RE_PROTOCOL = r"(?:([\w\-_]+?)(?::\/\/))?" # (1) match the protocol, strip :// e.g. https or ssh
RE_DOMAIN = r"([\w\-_\.]+)" # (2) match the domain, and any subdomains. e.g. www.google, google, or maps.google
RE_TLD = r"\.([a-z]{2,16})" # (3) The top level domain, does not account for unicode. e.g. com, info, org
RE_PORT = r"(?::(\+?[1-9]\d{1,4}))?" # (4) The port. e.g. google.com:100 extracts 100
RE_PATH = r"(\/[^ ]+)?" # (5) Get everything after the top level domain / port starting with a slash. e.g. /hi.html
URL_REGEX = re.compile(RE_PROTOCOL + RE_DOMAIN + RE_TLD + RE_PORT + RE_PATH, re.I)
# in class context
def _parse(self):
"""Parse an URL, filling all variables with their respective values."""
match = URL_REGEX.match(self.url)
if not match:
return False
groups = match.groups()
subdom = groups[1].split('.')
dom = subdom[len(subdom) - 1] if len(subdom) != 0 else None
if dom:
subdom.remove(dom)
self.protocol = groups[0]
self.subdomains = subdom
self.domain = dom
self.tld = groups[2]
self.port = groups[3]
self.path = groups[4]
It is not entirely matching what you'd like, but that's how I went around detecting URLs.
Simplified what I had a bit.
(?P<prefix>[^\w\s\n]|)(?P<protocol>[\w]+)://(?P<domain>[^/:\n\s]+)(?P<port>:[0-9]+|)(?P<url>[^\s\n]+[^(?=prefix)]|)
(?P<prefix>[^\w\s\n]|)
(?P<protocol>[\w]+)
://
(?P<domain>[^/:\n\s]+)
(?P<port>:[0-9]+|)
(?P<url>[^\s\n]+|)
This seems fine - we can check the prefix and see if it's a bracket that's been matched, and then remove the paired one at the end - otherwise, remove the prefix from the end (both in code).

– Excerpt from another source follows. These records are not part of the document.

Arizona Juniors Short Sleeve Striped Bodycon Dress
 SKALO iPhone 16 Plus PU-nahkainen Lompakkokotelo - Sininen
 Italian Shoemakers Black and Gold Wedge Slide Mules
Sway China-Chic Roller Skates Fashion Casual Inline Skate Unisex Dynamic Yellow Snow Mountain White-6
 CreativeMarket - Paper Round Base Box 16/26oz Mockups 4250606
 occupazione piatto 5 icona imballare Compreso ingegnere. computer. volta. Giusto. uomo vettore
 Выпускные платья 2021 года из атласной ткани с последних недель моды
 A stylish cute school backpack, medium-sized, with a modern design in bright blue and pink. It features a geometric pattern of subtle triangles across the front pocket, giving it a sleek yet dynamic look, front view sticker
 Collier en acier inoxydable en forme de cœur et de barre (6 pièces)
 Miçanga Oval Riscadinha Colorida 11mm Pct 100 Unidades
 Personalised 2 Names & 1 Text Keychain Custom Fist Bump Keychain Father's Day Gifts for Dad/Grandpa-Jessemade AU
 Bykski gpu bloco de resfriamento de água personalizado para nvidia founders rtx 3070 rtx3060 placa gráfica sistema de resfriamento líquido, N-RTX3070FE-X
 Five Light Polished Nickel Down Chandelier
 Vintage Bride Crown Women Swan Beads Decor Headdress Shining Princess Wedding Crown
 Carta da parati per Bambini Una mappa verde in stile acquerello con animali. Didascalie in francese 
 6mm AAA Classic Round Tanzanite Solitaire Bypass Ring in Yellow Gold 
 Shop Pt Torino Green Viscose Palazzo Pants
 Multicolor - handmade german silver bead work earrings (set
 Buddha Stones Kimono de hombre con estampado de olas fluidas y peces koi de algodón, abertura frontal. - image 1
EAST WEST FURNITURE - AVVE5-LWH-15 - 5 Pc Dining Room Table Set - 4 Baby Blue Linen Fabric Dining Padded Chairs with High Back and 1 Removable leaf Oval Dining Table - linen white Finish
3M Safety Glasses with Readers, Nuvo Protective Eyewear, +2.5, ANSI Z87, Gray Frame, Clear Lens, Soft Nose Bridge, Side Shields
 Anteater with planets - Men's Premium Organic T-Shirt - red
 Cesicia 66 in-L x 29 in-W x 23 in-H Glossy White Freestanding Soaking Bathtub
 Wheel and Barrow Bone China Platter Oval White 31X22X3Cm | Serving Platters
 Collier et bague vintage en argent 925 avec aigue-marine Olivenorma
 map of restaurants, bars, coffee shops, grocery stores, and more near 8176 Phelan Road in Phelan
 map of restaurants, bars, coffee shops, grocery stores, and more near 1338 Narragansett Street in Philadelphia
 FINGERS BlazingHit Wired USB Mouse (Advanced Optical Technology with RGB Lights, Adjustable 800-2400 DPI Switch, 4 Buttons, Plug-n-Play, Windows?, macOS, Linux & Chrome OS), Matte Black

The only problem now is username:password@.
This one matches basic auth.
(?P<prefix>[^\w\s\n]|)
(?P<protocol>[\w]+)
://
(?P<basic>[\w]+:[\w]+|)(?:@|)
(?P<domain>[^/:\n\s]+)
(?P<port>:[0-9]+|)
(?P<url>/[^\s\n]+|)
The only thing that needs to be thought about now is unicode.